And, y'know, I don't think I ever appreciated how good Derrek Lee was before today. He got on base, had six 25+ home run seasons, hit for average, had speed, and could pick it in the field. Good ballplayer, but you all already know that. I'm just slow on the uptake.

C: Harry Danning
1B: Derrek Lee
2B: Tommy Thevenow
3B: Mark Teahen
SS: Pat Meares
LF: Oyster Burns
CF: Vince DiMaggio
RF/RP: Hal Jeffcoat

SP: Red Faber
SP: Johnny Lanning
SP: Roy Smith
SP: George Kahler
SP: Harry Perkowski

Manager: Del Bissonette
Fun Name: Shags Horan
   2. AndrewJ Posted: September 06, 2012 at 09:21 AM (#4228022)
And it was 100 years ago today that one of the greatest Deadball-era games ever was played -- Smoky Joe Wood vs. Walter Johnson at Fenway -- one which actually lived up to the pregame hype.
   3. Dan Lee is some pumkins Posted: September 06, 2012 at 09:27 AM (#4228025)
Also 100 years ago today...

* Reds president Gerry Herrmann says he thinks it's a terrible idea to start a league which would place "second" teams in every big league city, to play home games when the "first" team is on the road.

* Phillies rookie third baseman John Dodge is excellent defensively and looks like a "real star", according to the Pittsburgh Press. Pay no attention to his .120/.156/.130 line in 1912, folks, this guy can play!

* Dodgers pitcher Eddie Stack walked Al Bridwell in the 11th inning "yesterday", the first walk issued by a Brooklyn pitcher in 49.1 innings.

...and, as AndrewJ points out, today is the 100th anniversary of a memorable pitching matchup between two superstars. Dag Nabbit will have more on that.
   4. zack Posted: September 06, 2012 at 09:56 AM (#4228043)
I have no idea who is a HOF on that birthday team. It must be Red Faber I guess.
   5. Chris Fluit Posted: September 06, 2012 at 10:00 AM (#4228047)
Yup, it's Faber.
   6. Dag is a salt water fish in fresh water world Posted: September 06, 2012 at 10:05 AM (#4228052)
...and, as AndrewJ points out, today is the 100th anniversary of a memorable pitching matchup between two superstars. Dag Nabbit will have more on that.

More on that, up at THT.
   7. jack the seal clubber (on the sidelines of life) Posted: September 06, 2012 at 10:52 AM (#4228119)
Pay no attention to his .120/.156/.130 line in 1912, folks, this guy can play!
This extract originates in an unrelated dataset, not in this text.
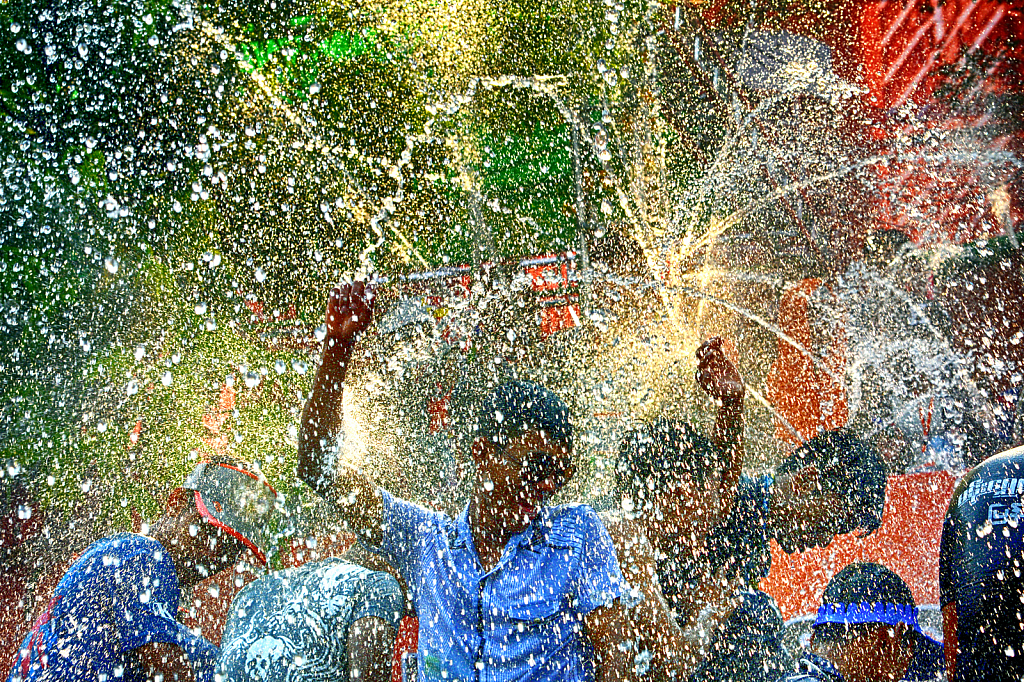 Dancers under the water drops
He had a huge defensive WAR though and that's why the Phillies were so high on him.
   8. Crispix reaches boiling point with lackluster play Posted: September 06, 2012 at 11:22 AM (#4228175)
The Phillies trading John Dodge for Beals Becker looks like quite a steal. Becker went on to have two great seasons with the Phillies at age 26 and 27, then was a major part of them getting to their first World Series. Then ... he played in Kansas City for a decade. I guess he was from Kansas, but we always forget about how many lpayers didn't have great major-league careers back then because they didn't see much reason to play in the "major leagues" rather than Kansas City, or San Francisco, or somewhere.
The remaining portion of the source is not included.